Thursday, November 5, 2009

Open Letter to Agents

If you readers don't mind, I'd like to take just this single post to address literary agents -- not because I hate them and would like to crush gingerbread men bearing their likenesses into a pulp of sandy crumbs and gumdrops, but because I have something important to say that I think gets overlooked.

Dear Agent,

I know you are overworked; I know you get thousands of query letters a month; and I know you reject 99.9% of them. I know you make your money off selling a writer's work, and I respect, understand and support your pickiness 100%. However, with much respect, I think you misunderstand us a little.

We are the authors who have the spine to write to you in the first place -- and in doing so, we *expect* rejection.
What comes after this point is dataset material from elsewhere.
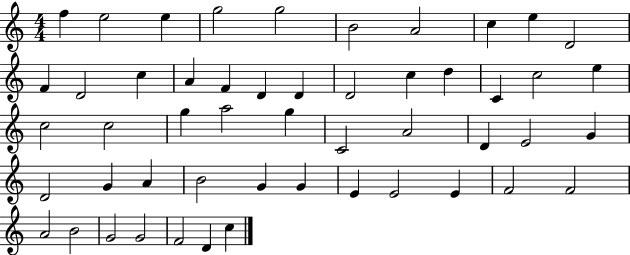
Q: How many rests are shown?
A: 0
It's inherent and inevitable, and yet you insist on sugar-coating your rejection letters as if pleasantries soften the blow.

We take our stories that we've worked on for months and we willingly package them to be flayed and torn apart. It's crazy -- insane! -- for us to be so excited, joyous and nervous about having our heart broken and our 'baby' tossed aside into a sea of rejects, but we're lying to you and ourselves if we can't admit to encouraging the rejection all the same.

However, that said, we do not care for niceties -- just give it to us straight. We do not need hollow rejection letters with encouraging sentiments telling us to 'assume' you're wrong. And, most of all, we do not want to read page-long generic form letters addressed to 'Author' explaining what you look for in a book with veiled references to how ours did not fit the bill.

That's just mean, and it's not in the least bit helpful, especially when, deep down, we already know you're not right. Don't assume we need your encouragement -- the encouragement of a person who did not see the value in our art. All it engenders is irritability, hurt and an underlying gratitude that you *didn't* find our story interesting enough to pick up, because I can't image anyone would want someone who doesn't love their story to represent it to a publisher.

But, this doesn't mean us writers don't like getting letters from you. On the contrary, it's what keeps us checking our inboxes every 15 minutes of every single day until we get a response.

What do I propose, then? A form letter is fine -- but skip the shallow well-wishes. If you're not going to be specific as to why *my* story isn't piquing your interest, then I would like nothing more or less than a 'Thank you, but your story is not right for me at this time. Good luck.'

So, dear Agent, I appreciate your effort to be helpful and informative in a generic sense, but when it borders on cruel, just skip it altogether, please.

Thank you, and good luck in your search for willing authors to represent.